RESULTS AND DISCUSSION
There was no direct response to the main treatment or rotation and DOC (Figure 2) was affected by the fertilization level and depth of the soil sample. Statistical analysis shows that there was interaction between the evaluated factors (Table 2), just like for DON. DOC contents found in the 100% fertilization sub-treatment fluctuated between 67.8 and 151.7 mg kg-1 in rotation 1 with a semi-intensive crop and in rotation 4 with an intensive crop at a depth of 0 to 5 cm, respectively (Figure 2). The highest values were obtained in rotations 3 and 4 which included corn as the initial crop of the rotation, and showed lower pH values, 5.47 and 5.80 respectively, differing from other treatments with considerably higher pH (Table 1). In general, DOC contents were higher in the 100% fertilization sub-treatment than the 70% fertilization sub-treatment, distinct values were found in the behavior of each rotation and depth, and tendencies with respect to depth of the studied strata. Rotations 1, 2, and 5 which considered semi-intensive, intensive, and non-intensive management, respectively, had lower contents in the surface and increased in depth for the 100% fertilization treatment. In contrast, rotations 3, 4, and 6 showed behavior contrary to the previously mentioned rotations with higher DOC contents in the surface and decreasing contents toward the deepest strata (Figure 2). Intensity in soil management of each rotation is not apparently the only factor that determines DOC contents. Increases in DOC with depth could be related to the root development pattern of the crops included in the rotations, especially sugar beet.

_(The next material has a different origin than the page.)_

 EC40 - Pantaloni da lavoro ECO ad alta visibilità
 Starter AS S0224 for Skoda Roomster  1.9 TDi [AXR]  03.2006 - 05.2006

In the case of 70% fertilization, the response of the rotation and depth factors have distinct behaviors without showing great differences in values when depth is changed for rotations 1, 2, 4, and 5, showing differences in rotations 3 and 6 (Figure 2), but less than in 100% fertilization. DOC contents fluctuated between 72.1 and 131.9 mg kg-1 in rotation 1 with 20 to 40 cm depth and rotation 3 with 5 to 10 cm, respectively (Figure 2). Thus, a distinct behavior was demonstrated than with 100% fertilization, since the lowest value was obtained in the superficial strata of the same rotation and the highest value in rotation 3. Rotations 1 and 2 included sugar beet as their initial crop which considered applications of calcareous lime each year that corresponded to this crop in quantities of 2 to 3 t ha-1 of calcium carbonate. The difference in management of rotations 3 and 4 that included corn is that liming was not considered and 300 kg ha-1 of fertilization with N as urea was applied in the 100% fertilization sub-treatment which led to a decrease in pH (Table 1).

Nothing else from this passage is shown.